** What is expected **
The records that follow are to be reproduced exactly. Any pictures in them are left out.
** Input records follows **
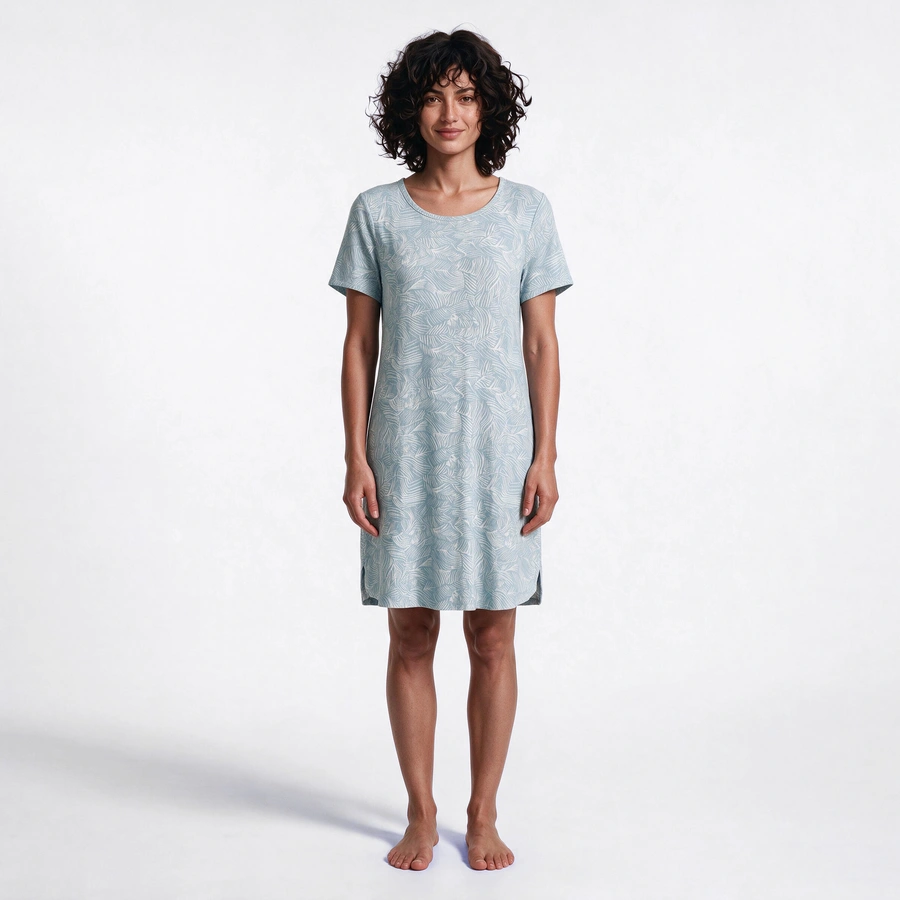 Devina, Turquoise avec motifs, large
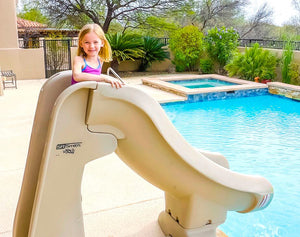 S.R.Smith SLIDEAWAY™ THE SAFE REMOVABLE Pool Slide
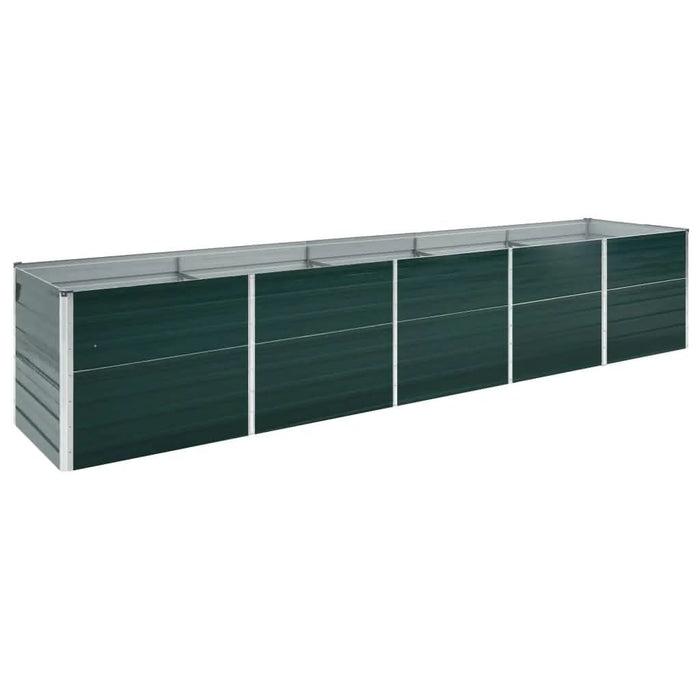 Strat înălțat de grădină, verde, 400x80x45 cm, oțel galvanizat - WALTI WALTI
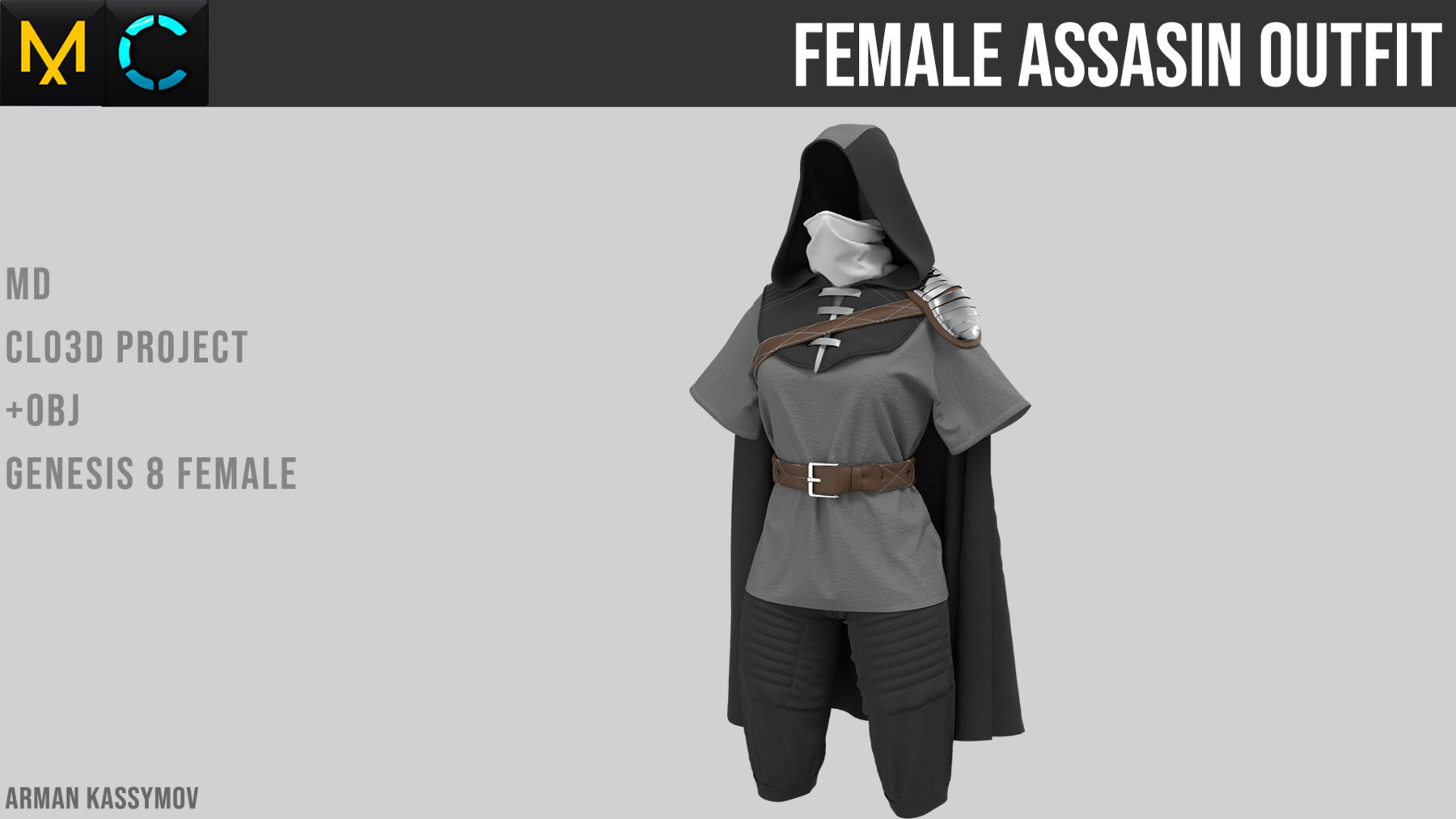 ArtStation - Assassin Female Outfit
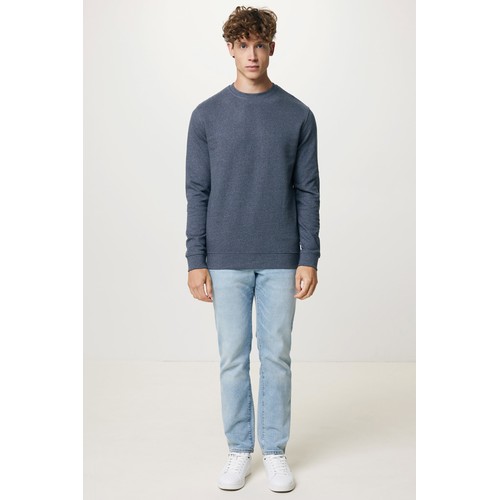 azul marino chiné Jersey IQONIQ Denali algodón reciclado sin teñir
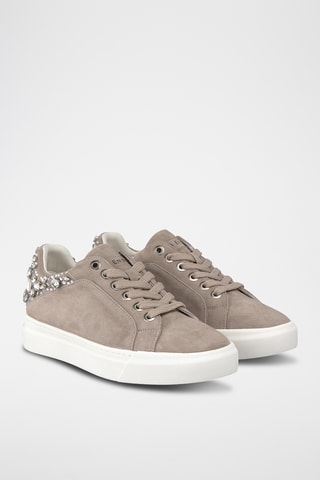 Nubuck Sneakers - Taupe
** End of Input records **
** Answer section **
 Devina, Turquoise avec motifs, large
 S.R.Smith SLIDEAWAY™ THE SAFE REMOVABLE Pool Slide
 Strat înălțat de grădină, verde, 400x80x45 cm, oțel galvanizat - WALTI WALTI
 ArtStation - Assassin Female Outfit
 azul marino chiné Jersey IQONIQ Denali algodón reciclado sin teñir
 Nubuck Sneakers - Taupe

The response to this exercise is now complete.